Fascicolo monografico: Sul “luogo” del pensare

Il pensare – e che cos’è mai il pensare? non in astratto, quando lo si riduce di fatto a un semplice esercizio di “ragione”, ma quando lo si vive come risposta al desiderio che ci abita e ci proietta, da subito, fuori e al-di-là di chi siamo…dove? Non si può forse arguire che, se così è, il pensare altro non è che il gratuito e arrischiato attraversamento della soglia che introduce nel luogo ove il mistero dell’E/essere è infine accolto e restituito per quel che è, nel suo stesso darsi: grazie al farsi libertà, nel gioco di tale reciproca dedizione, dell’essere che così noi stessi siamo?

Certo è che, se da quando la scintilla del pensare è scoccata nell’accendersi della coscienza umana quest’interrogarsi non s’è più spento e da quand’è nata la filosofia s’è persino fatto consapevole sapere che ha segnato, per tanti versi, la storia della cultura e della società, almeno in Occidente, c’è però qualcosa d’inedito e urgente che lo rimette oggi in primo piano: come da tempo, ormai, più non capitava. E anche se molte cose sembrano o vogliono far sembrare – ma, c’è da chiedersi, per quale occulto interesse? – proprio il contrario.
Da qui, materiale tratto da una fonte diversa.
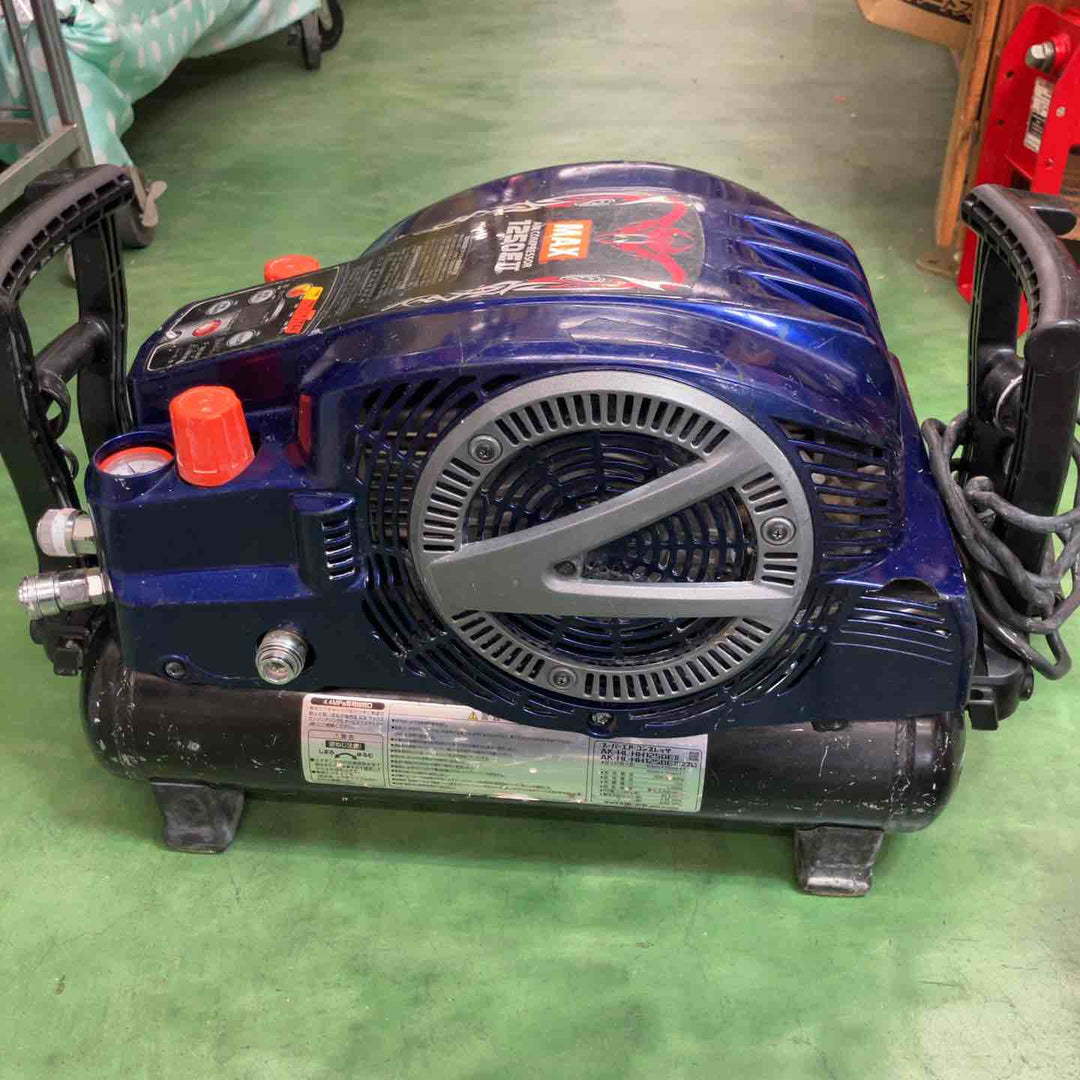 【中古品】マックス(MAX) エアコンプレッサー AK-HH1250E2 限定色ロイヤルブルー 【桶川店】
Ma la traditio del pensare in Occidente è quella e solo quella che il “nuovo pensiero” è chiamato a superare? o c’è dell’altro? c’è anzi un’eredità che si accredita originale, imperdibile, pregna ancora d’im-prevedibili e preziosi sviluppi? che ne è, in questa peculiare traditio, del luogo del pensare che ne decide il tenore, la qualità, lo stile? È ciò che nel presente fascicolo di «Sophia» si propone di cominciare a vagliare grazie ad alcuni colpi di sonda lanciati nella direzione di altrettanti momenti significativi del suo percorso.